Use and transfer data in jobs on the HTC system

Which Option is the Best for Your Files?

Input/Output File Size (Per File)* Recommended File Location Syntax for transfer_input_files Availability
0 - 1 GB /home No special syntax CHTC, external pools
1 - 30 GB /staging osdf:///chtc/staging/ CHTC, external pools
30 - 100 GB /staging file:///staging/ CHTC only
100 GB+ Contact CHTC facilitators
* If you are transferring many small files, we recommend compressing them into a single file (.zip, .tar.gz) before transfer. Use the size of the compressed file to determine where to place it.
Only files in personal staging directories can be transferred to jobs with the osdf:/// protocol. Files in shared directories (i.e. /staging/groups) currently cannot be transferred to jobs with osdf:/// and should use file:///.

Introduction

This guide covers general information on using and transferring data on the HTC system. We will introduce you to the two file systems, how to determine which one is the best place for your data, and how to edit your submit file to transfer input and output files.

Data storage locations

The HTC system has two primary locations where users can place their files:

  /home /staging
Purpose Default file system, handles most files Stages large files/containers for file transfer into jobs
Can you run condor_submit here?
Recommended location for Many, small files (<1 GB) Few, large files (>1 GB)
Default quota (disk) 40 GB 100 GB
Default quota (number of items) none 1000 items

The data management mechanisms behind /home and /staging are different and are optimized to handle different file sizes and numbers of files.
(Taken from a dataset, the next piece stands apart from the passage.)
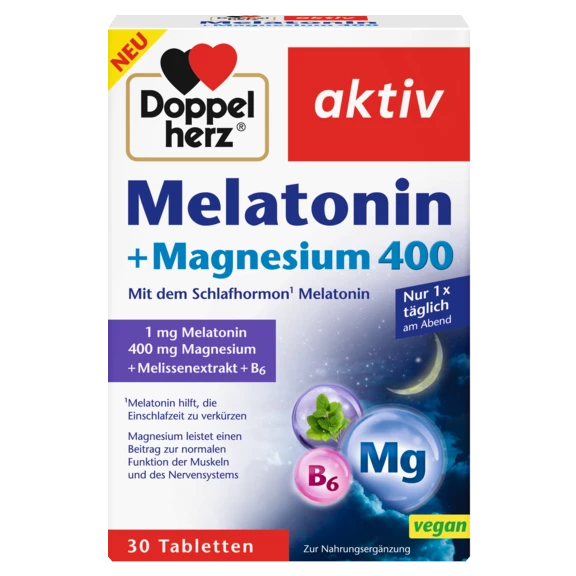 Illustration of the product packaging Doppelherz aktiv Melatonin + Magnezijum 400 front view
It’s important to place your files in the correct location to improve the efficiency at which your data is handled and maintain the stability of the HTC file systems.

Need a /staging directory?

Transfer input data to jobs with transfer_input_files

To transfer files to jobs, we must specify these files with transfer_input_files in the HTCondor job submit file. The syntax you use will depend on its location and file size.

Input File Size (Per File)* File Location Submit File Syntax to Transfer to Jobs
0 - 1 GB /home transfer_input_files = input.txt
1 - 30 GB /staging transfer_input_files = osdf:///chtc/staging/NetID/input.txt
30 - 100 GB /staging transfer_input_files = file:///staging/NetID/input.txt
1 - 100 GB /staging/groups transfer_input_files = file:///staging/groups/group_dir/input.txt
100 GB+   Contact the facilitation team about the best strategy to stage your data
* If you are transferring many small files, we recommend compressing them into a single file (.zip, .tar.gz) before transfer. Use the size of the compressed file to determine where to place it.
Only files in personal staging directories can be transferred to jobs with the osdf:/// protocol. Files in shared directories (i.e. /staging/groups) currently cannot be transferred to jobs with osdf:/// and should use file:///.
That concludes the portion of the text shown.